Switch has gobbled up more land in Southern Nevada.
The data-center owner recently bought 53.6 acres in the southern Las Vegas Valley for nearly $86.2 million, property records show. The spread is located along the east side of Decatur Boulevard between Serene Avenue and Silverado Ranch Boulevard.
The bulk purchase was recorded with the county last month.
This followed its purchase of 300-plus acres in North Las Vegas’ Apex Industrial Park for more than $180 million combined in recent months, all while Switch has borrowed billions of dollars over the past few years to fuel its growth.
All told, Las Vegas-based Switch has stockpiled land and funding amid America’s heated growth of digital storage space, a rapid industry increase that has rankled communities around the country.
Switch declined to comment on its latest land acquisition.
Pushback across U.S. to industry growth
Data centers are basically warehouses filled with computer servers and other gear needed to store clients’ data, and construction has been spreading fast in the U.S. amid the rapid development of, and heavy investments in, artificial intelligence.
Overall, the U.S. had more than 4,100 active data centers and nearly 2,800 others that were under construction or announced, according to a report in December from tech advocacy group the American Edge Project and the Technology Councils of North America.

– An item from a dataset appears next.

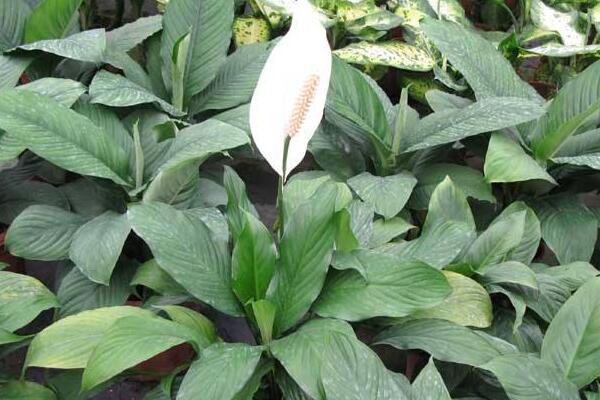 一帆風(fēng)順花可以放在臥室里嗎，可以放在臥室但要注意幾點(diǎn)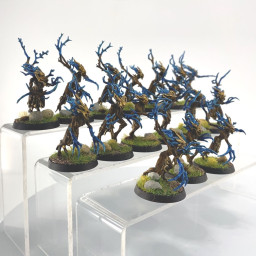Sylvaneth Dryads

But amid fears that employers will shed waves of white-collar workers and replace them with AI systems — and concerns by environmental groups and others over data centers’ effects on surrounding communities — there has been widespread pushback around the U.S. to the rapidly growing industry.
The energy-hungry facilities typically rely on water to help cool their servers, an issue that has drawn increased attention locally as Southern Nevada grapples with a decades-long drought and a deeply shrunken Lake Mead, the reservoir that supplies about 90 percent of the Las Vegas area’s water.
Since 2024, a ban on evaporative cooling systems was finalized in Southern Nevada, effectively eliminating the possibility of building data centers that are more water-intensive.
Locally, the data-center industry is all but synonymous with Switch, a homegrown company founded by Rob Roy with a cluster of several big facilities in the southwest valley area.
Last summer, Switch announced that it had borrowed $20 billion since 2024 to support the growth of its campuses around the country, reduce its cost of capital, and fully retire the bank debt incurred in the buyout that took the company private.
It also said last fall that it had borrowed around $3.5 billion through bond sales, and it announced this spring that it secured a $2.6 billion syndicated letter of credit and had raised nearly $770 million through another bond sale.
Growth plans
Switch has been building so-called AI factories in the southwest valley. As the company previously explained, these are smaller than its typical data centers in Las Vegas but are more densely packed with computing power, as they are designed to power AI systems.
The company has also laid the foundation for waves of new data centers in North Las Vegas, buying hundreds of acres in the remote Apex Industrial Park through two separate transactions.
Plus, Switch recently announced plans to develop a 382-acre data-center campus outside Pittsburgh, saying the sprawling complex will serve customers in the Eastern U.S. and join its portfolio of facilities in Nevada, Texas, Michigan and Georgia.
Meanwhile, Switch has also drawn up plans to expand its existing campus in the southwest valley.
Clark County commissioners are scheduled Wednesday to consider a proposal by Switch for a 56,788-square-foot data center on 9 acres along the north side of Warm Springs Road just west of Decatur Boulevard.